Task goal -
Among the entries that follow, how many lines contain the string "Private"? Answer with that number only.

------ Material to process ------

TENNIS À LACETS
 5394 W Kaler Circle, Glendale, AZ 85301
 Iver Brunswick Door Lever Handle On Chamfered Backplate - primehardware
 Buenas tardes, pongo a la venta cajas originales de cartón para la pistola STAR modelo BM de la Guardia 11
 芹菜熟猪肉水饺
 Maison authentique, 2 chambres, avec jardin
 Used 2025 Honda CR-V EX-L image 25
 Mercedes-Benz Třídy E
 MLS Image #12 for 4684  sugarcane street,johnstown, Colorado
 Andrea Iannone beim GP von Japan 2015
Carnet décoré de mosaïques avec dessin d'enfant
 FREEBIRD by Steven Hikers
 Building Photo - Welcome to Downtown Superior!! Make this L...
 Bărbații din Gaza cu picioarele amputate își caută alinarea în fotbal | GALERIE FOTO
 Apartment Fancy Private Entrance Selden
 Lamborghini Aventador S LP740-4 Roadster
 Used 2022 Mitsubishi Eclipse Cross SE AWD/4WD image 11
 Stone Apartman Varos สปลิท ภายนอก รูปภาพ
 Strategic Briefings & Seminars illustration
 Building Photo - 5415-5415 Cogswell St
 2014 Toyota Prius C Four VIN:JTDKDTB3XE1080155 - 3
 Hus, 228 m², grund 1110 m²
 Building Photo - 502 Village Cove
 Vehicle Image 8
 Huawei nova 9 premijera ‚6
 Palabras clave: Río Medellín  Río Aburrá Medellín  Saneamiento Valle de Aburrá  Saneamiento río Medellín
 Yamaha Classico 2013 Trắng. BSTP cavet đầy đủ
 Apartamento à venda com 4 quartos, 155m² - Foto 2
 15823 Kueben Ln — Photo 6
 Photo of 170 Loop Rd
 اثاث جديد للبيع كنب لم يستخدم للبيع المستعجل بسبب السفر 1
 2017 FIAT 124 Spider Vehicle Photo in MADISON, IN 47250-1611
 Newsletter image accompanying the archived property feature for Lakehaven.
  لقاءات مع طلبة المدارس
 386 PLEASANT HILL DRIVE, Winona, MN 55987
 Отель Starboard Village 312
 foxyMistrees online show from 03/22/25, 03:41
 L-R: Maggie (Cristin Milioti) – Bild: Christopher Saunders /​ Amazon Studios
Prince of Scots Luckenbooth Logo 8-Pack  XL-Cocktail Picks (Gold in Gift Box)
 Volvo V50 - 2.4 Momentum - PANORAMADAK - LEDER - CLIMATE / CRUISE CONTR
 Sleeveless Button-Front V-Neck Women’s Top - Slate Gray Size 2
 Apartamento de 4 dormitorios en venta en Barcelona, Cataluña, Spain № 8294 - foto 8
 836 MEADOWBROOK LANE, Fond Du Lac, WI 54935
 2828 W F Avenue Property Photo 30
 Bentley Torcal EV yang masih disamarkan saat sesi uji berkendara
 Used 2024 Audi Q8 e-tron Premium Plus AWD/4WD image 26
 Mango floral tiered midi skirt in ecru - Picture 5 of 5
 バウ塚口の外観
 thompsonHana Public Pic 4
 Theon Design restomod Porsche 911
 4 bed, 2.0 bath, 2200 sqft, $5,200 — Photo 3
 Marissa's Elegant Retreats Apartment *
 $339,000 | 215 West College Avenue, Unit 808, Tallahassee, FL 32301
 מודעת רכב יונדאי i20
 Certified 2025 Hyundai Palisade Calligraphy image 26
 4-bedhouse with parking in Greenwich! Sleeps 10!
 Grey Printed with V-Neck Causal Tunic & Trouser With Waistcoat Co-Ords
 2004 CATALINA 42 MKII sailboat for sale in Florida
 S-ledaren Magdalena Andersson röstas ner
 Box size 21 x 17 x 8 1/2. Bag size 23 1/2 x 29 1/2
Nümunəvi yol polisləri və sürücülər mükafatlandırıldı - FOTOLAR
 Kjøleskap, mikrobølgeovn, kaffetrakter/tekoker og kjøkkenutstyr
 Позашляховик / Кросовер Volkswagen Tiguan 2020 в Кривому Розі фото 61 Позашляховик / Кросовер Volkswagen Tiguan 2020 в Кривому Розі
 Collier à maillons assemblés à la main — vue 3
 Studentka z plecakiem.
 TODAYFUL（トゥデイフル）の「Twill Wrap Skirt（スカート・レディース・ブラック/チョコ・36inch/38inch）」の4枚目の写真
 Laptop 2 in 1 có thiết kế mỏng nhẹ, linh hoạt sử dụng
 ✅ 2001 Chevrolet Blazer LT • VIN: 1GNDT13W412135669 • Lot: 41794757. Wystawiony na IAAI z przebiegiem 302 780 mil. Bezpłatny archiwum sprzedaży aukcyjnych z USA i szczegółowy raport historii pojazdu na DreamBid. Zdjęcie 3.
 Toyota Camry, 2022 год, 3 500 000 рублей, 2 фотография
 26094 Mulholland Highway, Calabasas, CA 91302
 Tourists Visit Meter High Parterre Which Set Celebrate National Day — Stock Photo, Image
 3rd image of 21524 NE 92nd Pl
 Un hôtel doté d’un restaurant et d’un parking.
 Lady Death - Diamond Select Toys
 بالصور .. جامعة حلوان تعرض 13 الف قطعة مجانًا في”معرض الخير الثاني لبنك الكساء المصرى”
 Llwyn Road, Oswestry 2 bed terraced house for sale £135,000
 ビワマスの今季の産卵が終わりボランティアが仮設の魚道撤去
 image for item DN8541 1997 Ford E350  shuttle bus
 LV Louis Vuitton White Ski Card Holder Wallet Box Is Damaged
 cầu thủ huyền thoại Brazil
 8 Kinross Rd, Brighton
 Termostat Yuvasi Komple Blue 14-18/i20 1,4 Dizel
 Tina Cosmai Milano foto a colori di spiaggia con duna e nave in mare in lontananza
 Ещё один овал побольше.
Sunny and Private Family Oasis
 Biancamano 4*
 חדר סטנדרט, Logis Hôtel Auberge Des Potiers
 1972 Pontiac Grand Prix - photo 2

------

Response area -
2